Pour répondre à cet objectif, elle gère divers services d´accueil et de soins conventionnés avec l´ état français :
1.      deux CAS (Centre d´Accueil et de Soins), l´une dans la ville de Marseille, l´autre dans celle de Martigues
2.      Un lieu d´accueil "bas seuil" pour les usagers les plus en difficulté (ouvert dès 1993) : Transit
3.      Le Centre d´Information et de Ressource sur les Drogues et les Dépendances (ouvert dès 1994) : il s´agit d´un pôle de référence régional en matière d´information, de documentation et d´engineering de prévention
4.      Un service Prévention, qui intervient en milieu scolaire ainsi que dans une démarche globale d´éducation pour la santé avec le réseau des structures éducatives et sociales
5.      Un service Formation initiale et continue des professionnels concernés par les drogues légales et illégales
6.      Un dispositif de prévention et d´accès aux soins : les Points Ecoute situés dans les villes d´Aubagne et de La Ciotat 

Ainsi, l´AMPT intervenant à des multiples niveaux dans le champ des "conduites addictives" (c´est à dire les dépendances les plus variées : aux drogues, aux jeux vidéo, au tabac, à Internet, à l´alcool) se devait de faire évoluer sa dénomination. C´est pourquoi, l´AMPT devient l´AMPTA (Association Méditerranéenne de Prévention et de Traitement des Addictions


GRILLE D´ENTRETIEN AVEC LES PERSONNES-RESSOURCES  :
interview avec Mr. Xavier Marchelie, éducateur spécialisé et responsable du CAS de Marseille, c´est à dire le service, géré par l´AMPTA, dont j´ai approfondi le fonctionnement.
Mr. Marchelie, qui m´a paru être un professionnel très préparé, intervient aussi sur les actions en dehors de la gestion du service. Je l´ai rencontré dans le local d´accueil du CAS, 39A rue Nationale. À remarquer que ce site se trouve au cœur de la ville, dans le quartier Belsunce,  qui est habité par des gens en très grande difficulté sociale, notamment immigrés. Cela à mon avis rende ce site aisément joignable. Après l´aménagement de l´interview, j´ai contacté le directeur de l´AMPTA, monsieur Bruno Tanche, qui m´a donné son autorisation pour que tout cela soit mis en réseau Net Nascent

1.Raison sociale de la structure AMPTA :
« Il s´agit d´une Association loi 1901, à but non lucratif »[1]

2.
Origine et date de la création : 
« 1984, à la suite d´un constat fait de la ville de Marseille, de manque de réponses à la problématique des toxicomanes »
3. Fonctionnement du service : (Mr. Marchelie m´a précisé que celui-ci a deux dénominations : CAS pour le réseau ; CSST (Centre Spécialisé aux Toxicomanes) c´est sa dénomination administrative
- organisation du travail : « On fonctionne de 9 à 18 heures, tous les jours sauf week end et jours fériés.

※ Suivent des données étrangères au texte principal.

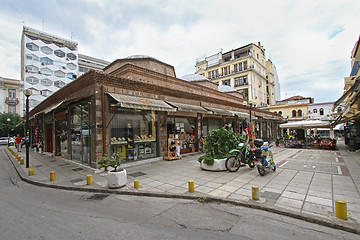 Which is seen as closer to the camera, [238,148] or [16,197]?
[16,197]

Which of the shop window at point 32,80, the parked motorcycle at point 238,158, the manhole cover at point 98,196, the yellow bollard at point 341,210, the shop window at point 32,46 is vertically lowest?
the manhole cover at point 98,196

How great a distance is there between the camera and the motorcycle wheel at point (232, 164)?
23.7 ft

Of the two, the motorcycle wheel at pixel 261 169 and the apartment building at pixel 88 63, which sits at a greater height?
the apartment building at pixel 88 63

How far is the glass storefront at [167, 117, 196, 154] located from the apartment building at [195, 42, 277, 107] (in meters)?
28.3

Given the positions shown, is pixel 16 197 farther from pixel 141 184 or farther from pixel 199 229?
pixel 199 229

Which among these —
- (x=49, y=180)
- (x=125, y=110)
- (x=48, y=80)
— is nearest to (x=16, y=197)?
(x=49, y=180)

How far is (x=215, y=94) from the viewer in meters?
21.0

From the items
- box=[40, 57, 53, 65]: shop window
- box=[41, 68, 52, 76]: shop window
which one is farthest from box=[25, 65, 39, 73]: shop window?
box=[40, 57, 53, 65]: shop window

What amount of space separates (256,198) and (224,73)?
45.4 meters

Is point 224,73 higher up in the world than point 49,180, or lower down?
higher up

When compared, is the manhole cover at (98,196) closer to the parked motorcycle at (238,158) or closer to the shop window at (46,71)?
the parked motorcycle at (238,158)

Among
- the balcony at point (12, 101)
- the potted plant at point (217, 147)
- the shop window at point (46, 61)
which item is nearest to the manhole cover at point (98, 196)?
the potted plant at point (217, 147)

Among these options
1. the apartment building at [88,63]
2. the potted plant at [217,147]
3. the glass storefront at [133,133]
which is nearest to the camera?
the potted plant at [217,147]

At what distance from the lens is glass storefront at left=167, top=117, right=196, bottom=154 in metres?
11.4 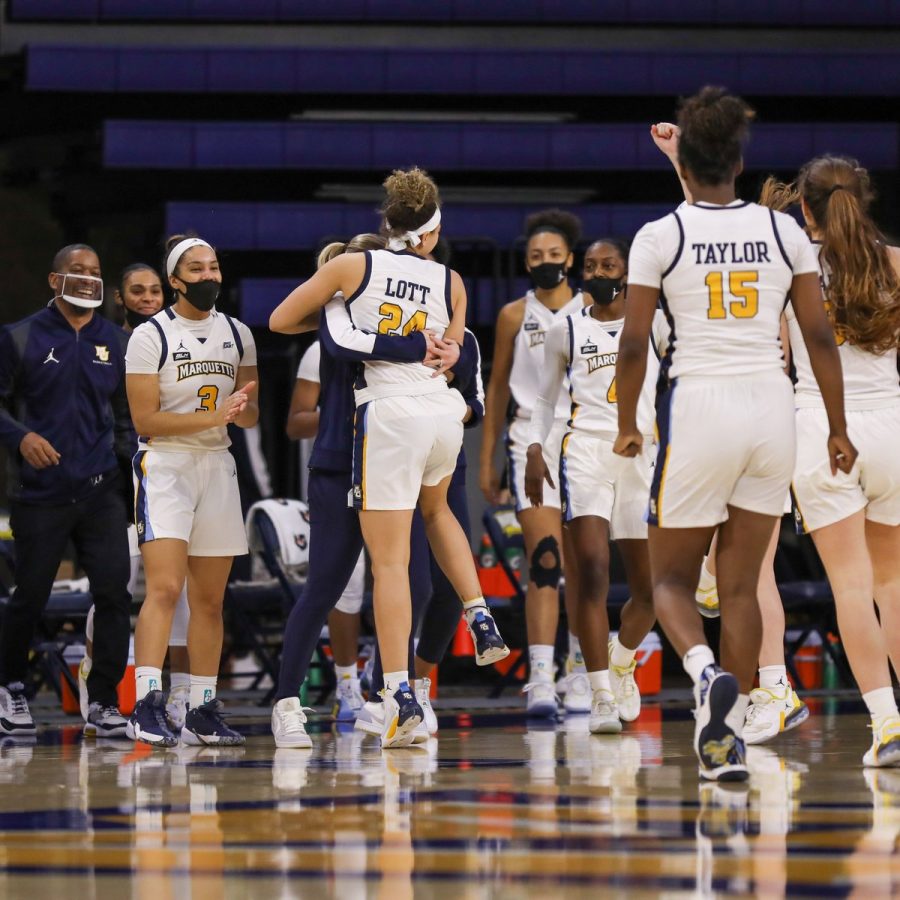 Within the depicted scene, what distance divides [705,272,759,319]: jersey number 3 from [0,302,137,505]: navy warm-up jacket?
132 inches

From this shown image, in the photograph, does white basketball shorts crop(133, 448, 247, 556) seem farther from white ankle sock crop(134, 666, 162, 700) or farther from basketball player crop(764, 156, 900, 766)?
basketball player crop(764, 156, 900, 766)

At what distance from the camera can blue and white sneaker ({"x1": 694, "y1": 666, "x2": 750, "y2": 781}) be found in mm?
4512

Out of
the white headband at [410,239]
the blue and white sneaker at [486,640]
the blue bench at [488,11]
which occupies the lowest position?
the blue and white sneaker at [486,640]

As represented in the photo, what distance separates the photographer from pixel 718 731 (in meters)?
4.56

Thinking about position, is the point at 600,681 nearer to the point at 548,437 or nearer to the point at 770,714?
the point at 770,714

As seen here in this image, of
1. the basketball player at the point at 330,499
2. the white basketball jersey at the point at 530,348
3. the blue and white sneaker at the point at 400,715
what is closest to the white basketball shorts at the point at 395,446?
the basketball player at the point at 330,499

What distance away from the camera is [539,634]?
26.7 ft

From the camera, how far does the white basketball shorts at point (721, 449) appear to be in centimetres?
478

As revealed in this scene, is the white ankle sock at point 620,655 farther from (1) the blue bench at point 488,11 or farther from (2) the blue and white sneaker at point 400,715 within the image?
(1) the blue bench at point 488,11

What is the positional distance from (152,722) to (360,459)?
1.33 metres

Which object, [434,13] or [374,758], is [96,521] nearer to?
[374,758]

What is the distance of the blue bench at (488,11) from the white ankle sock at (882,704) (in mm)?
13014

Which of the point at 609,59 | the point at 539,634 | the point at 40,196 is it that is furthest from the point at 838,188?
the point at 40,196

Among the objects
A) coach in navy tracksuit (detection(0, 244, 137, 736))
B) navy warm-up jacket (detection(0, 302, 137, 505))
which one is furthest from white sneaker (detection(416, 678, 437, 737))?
navy warm-up jacket (detection(0, 302, 137, 505)) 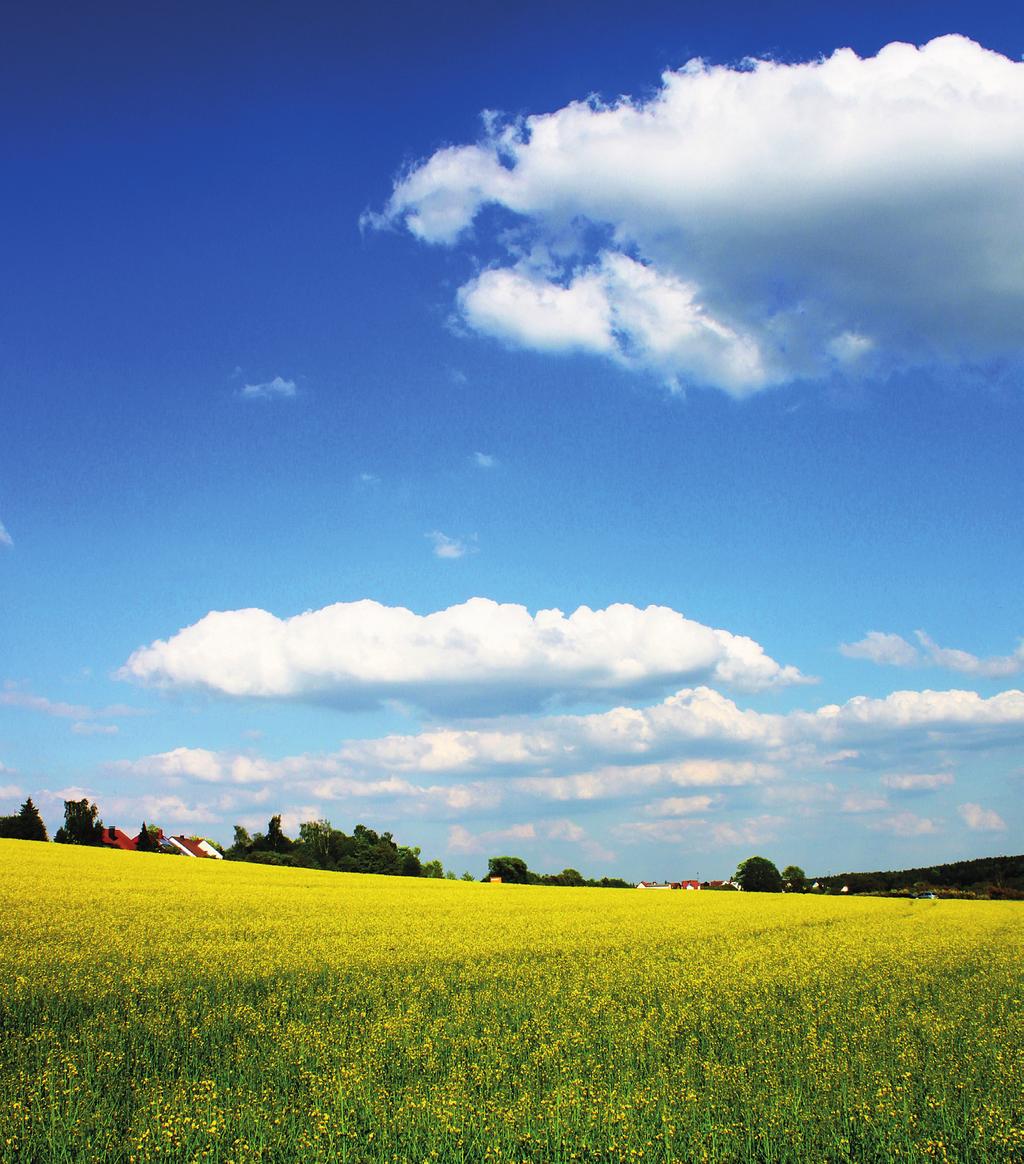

Notre personnel est organisé de façon suivante :
1.      au niveau du pôle médicale, il y a une équipe composée par un médecin psychiatre, un médecin généraliste, deux infirmiers ;
2.      au niveau du pôle psychothérapeutique, il y a quatre psychologues ;
3.     au niveau du pôle social, il y a une assistante sociale ;
4.      au niveau du pôle éducatif, il y a une équipe composée par : cinq éducateurs spécialisés, une secrétaire (qui s´occupe d´administration et de gestion), une accompagnatrice à l´emploi, qui est une salarié de Pole 13[2] »
- financements : « Au départ nous avions un seul centre d´accueil et notre financeur était seulement la Ville de Marseille . Maintenant, celle-ci finance seulement quelques actions ; et nos financements viennent de diverses structures publiques :
1.      l´état, à deux niveaux :
·        au niveau gouvernemental, par la MILTD (Mission Interministerielle de Lutte contre la Toxicomanie et les Drogues) ; ce cabinet est formé par le Ministère de la Santé, celui des Affaires Sociales, celui de l´Education
·       au niveau départementale, par la DDASS (Direction Départementale des Affaires Sanitaires et Sociales)  
2.      la Région PACA (Provence, Alpes, Côte D´Azur)
3.      les institutions européennes ne financent qu´actions très ponctuelles, par exemple l´enquête inter européenne TOX-MED (y sont concernés presque tous les Pays méditerranéens). Il s´agit d´un échange de savoirs en matière du soin, de consommation de substances stupéfiantes, de tendances sur les différents produits usés » 

4.Mission du service :
« On propose des soins:
- médicaux, c´est à dire liés aux pathologies;
- on distribue des produits de substitution (par exemple, la méthadone ou le subutex),
- psychothérapeutiques ;
- on propose aussi de la réinsertion sociale » 

5. Pouvez-vous m´expliquer ce dernier aspect ?
« Bien sûr ! Réinsertion sociale veut dire mener des actions dans trois directions complémentaires : hébergement, alimentation, insertion professionnelle. Ça passe par la question du soin ciblé vis à vis du sujet et de ce que la personne va nous demander. Par exemple, s´il s´agit d´une personne qui sort d´une longue période d´errance, ou de détention, ou bien d´hospitalisation, c´est le problème de réouverture des dossiers administratifs qui va se poser et il faut le résoudre »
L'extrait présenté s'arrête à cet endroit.